彼は、キリスト教、ユダヤ教、イスラム教という、アブラハム系の三つの宗教それぞれに即して、近代合理主義に対する「神の復讐」を論ずる。そのなかで、イスラム文化圏のなかにあって政教分離を採ってきた諸国で、大衆のネオ共同体主義的な再イスラム化現象によってそれが危うくされている例(トルコ、チュニジア)をとりあげ、政教分離派が大衆の支持を回復するには、「デモクラシーと人権のためのたたかいのチャンピオンとなる」ことが必要だ、と言う。彼によれば、そのことが、ヨーロッパでのイスラム系住民をめぐる問題についても、「西欧」と「新版・悪の帝国」の激突としてえがき出される状況をのりこえる展望がひらけるだろう、というのである。(62頁)
-----------------

ジル・ケペルの原著をみればわかるはずですが、「デモクラシーと人権のためのたたかいのチャンピオンとなる」の「チャンピオン」は、首相の英語演説の外務省訳「チャンピオン」とおそらく同じで、完全な誤訳ではあるまいか。この訳では、政教分離派がデモクラシーと人権のためにネオ共同体主義的に再イスラム化した大衆を張り倒して勝つんだ、というような意味になってしまい、ジル・ケペルがそんな馬鹿げたことを言うとは思えないですね。大丈夫ですか、樋口先生、と少し不安になりました。

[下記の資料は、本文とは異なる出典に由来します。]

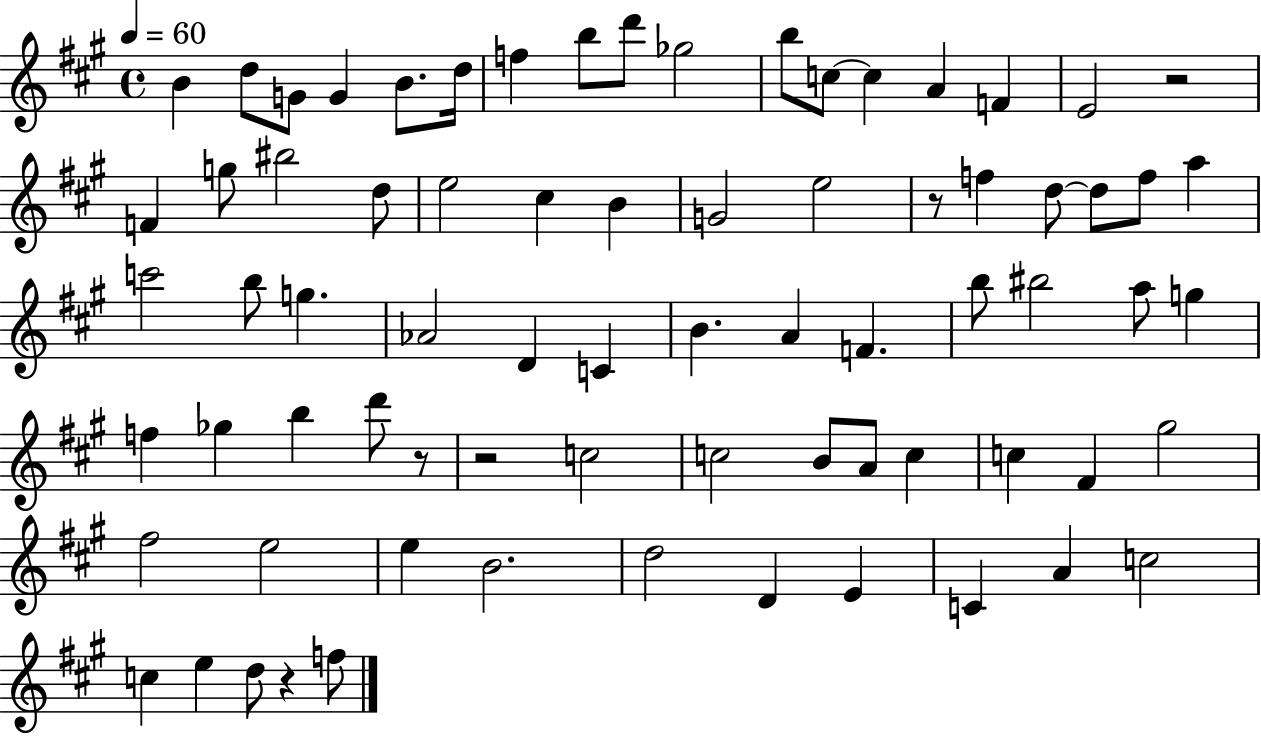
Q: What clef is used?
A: treble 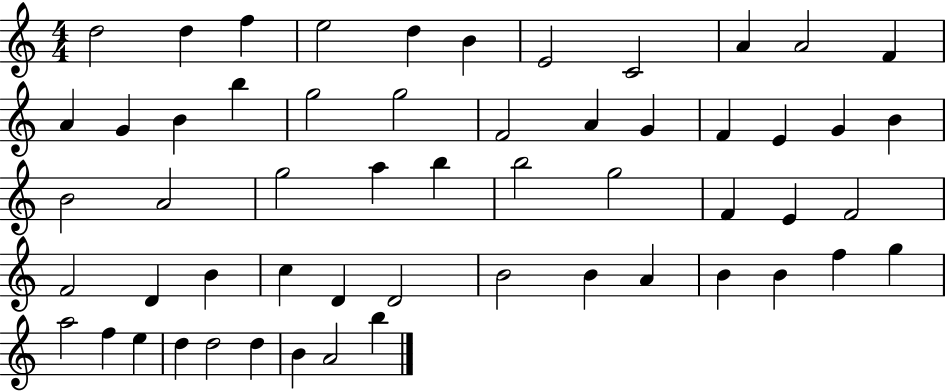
D5/h D5/q F5/q E5/h D5/q B4/q E4/h C4/h A4/q A4/h F4/q A4/q G4/q B4/q B5/q G5/h G5/h F4/h A4/q G4/q F4/q E4/q G4/q B4/q B4/h A4/h G5/h A5/q B5/q B5/h G5/h F4/q E4/q F4/h F4/h D4/q B4/q C5/q D4/q D4/h B4/h B4/q A4/q B4/q B4/q F5/q G5/q A5/h F5/q E5/q D5/q D5/h D5/q B4/q A4/h B5/q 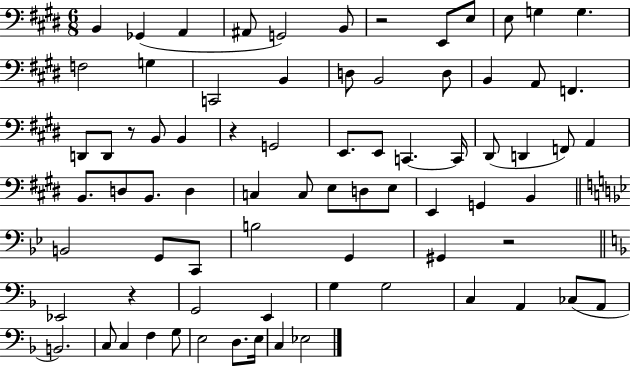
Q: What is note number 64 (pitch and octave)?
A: C3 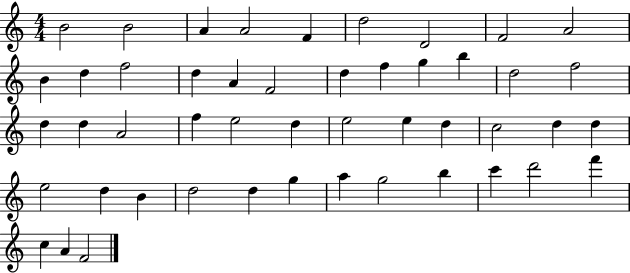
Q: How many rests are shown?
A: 0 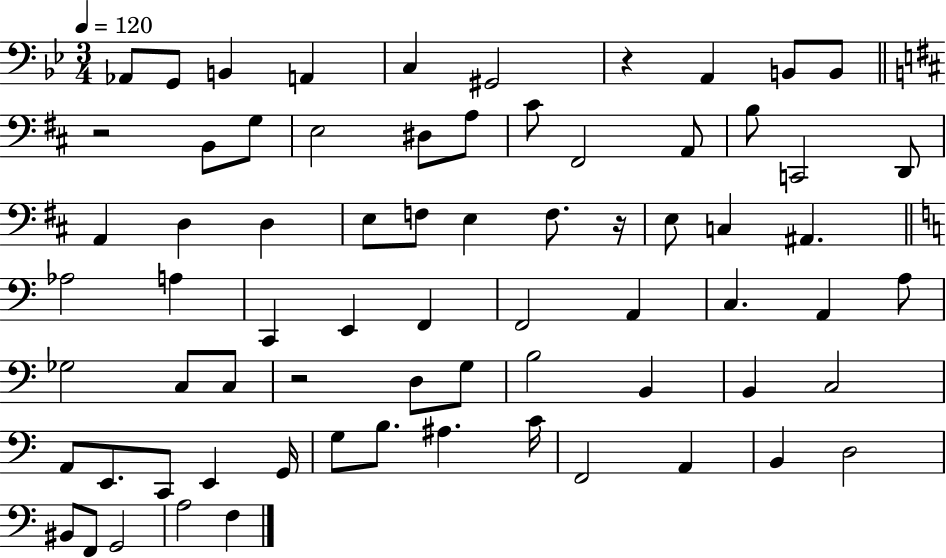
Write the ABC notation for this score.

X:1
T:Untitled
M:3/4
L:1/4
K:Bb
_A,,/2 G,,/2 B,, A,, C, ^G,,2 z A,, B,,/2 B,,/2 z2 B,,/2 G,/2 E,2 ^D,/2 A,/2 ^C/2 ^F,,2 A,,/2 B,/2 C,,2 D,,/2 A,, D, D, E,/2 F,/2 E, F,/2 z/4 E,/2 C, ^A,, _A,2 A, C,, E,, F,, F,,2 A,, C, A,, A,/2 _G,2 C,/2 C,/2 z2 D,/2 G,/2 B,2 B,, B,, C,2 A,,/2 E,,/2 C,,/2 E,, G,,/4 G,/2 B,/2 ^A, C/4 F,,2 A,, B,, D,2 ^B,,/2 F,,/2 G,,2 A,2 F, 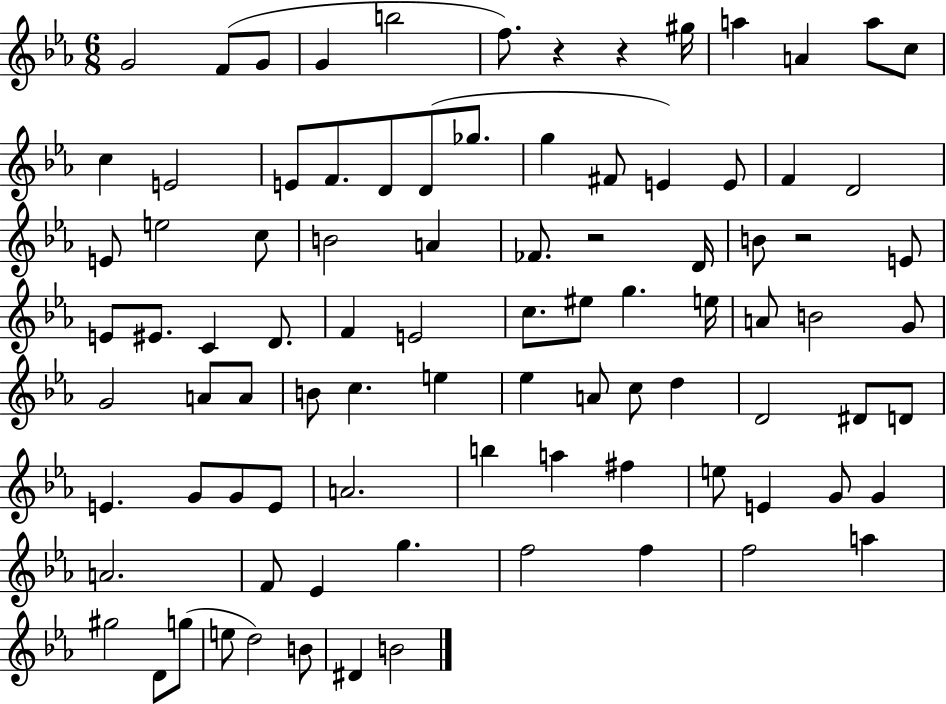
{
  \clef treble
  \numericTimeSignature
  \time 6/8
  \key ees \major
  g'2 f'8( g'8 | g'4 b''2 | f''8.) r4 r4 gis''16 | a''4 a'4 a''8 c''8 | \break c''4 e'2 | e'8 f'8. d'8 d'8( ges''8. | g''4 fis'8 e'4) e'8 | f'4 d'2 | \break e'8 e''2 c''8 | b'2 a'4 | fes'8. r2 d'16 | b'8 r2 e'8 | \break e'8 eis'8. c'4 d'8. | f'4 e'2 | c''8. eis''8 g''4. e''16 | a'8 b'2 g'8 | \break g'2 a'8 a'8 | b'8 c''4. e''4 | ees''4 a'8 c''8 d''4 | d'2 dis'8 d'8 | \break e'4. g'8 g'8 e'8 | a'2. | b''4 a''4 fis''4 | e''8 e'4 g'8 g'4 | \break a'2. | f'8 ees'4 g''4. | f''2 f''4 | f''2 a''4 | \break gis''2 d'8 g''8( | e''8 d''2) b'8 | dis'4 b'2 | \bar "|."
}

フランス語の champion にも、英語と同様、(主義・信条の)擁護者という意味があり、ロベール仏和大辞典には、Bossuet s'est fait le champion de la monarchie(ボシュエは君主制の擁護者になった) 、という例文があります。

補遺
『憲法と国家』には、
-----------
「普遍主義者」のチャンピオンともいうべきエリザベート・バダンテール(作家)は、「病より悪い薬」(「悪より悪い救済」と訳してよい)と題して・・・(119頁)
-----------
という文があり、この「チャンピオン」は「第一人者・ナンバーワン」であろうが、「デモクラシーと人権のためのたたかいのチャンピオンとなる」の「チャンピオン」を、それと同じとすると、意味は取れなくはないが、変ですね。したがって、ジル・ケペルのいう「チャンピオン」は、?選手権保持者、?一流選手、?第一人者、いずれでもなく、?擁護者と思われるが、残念ながら、「チャンピオン」という日本語に?の意味はないですね。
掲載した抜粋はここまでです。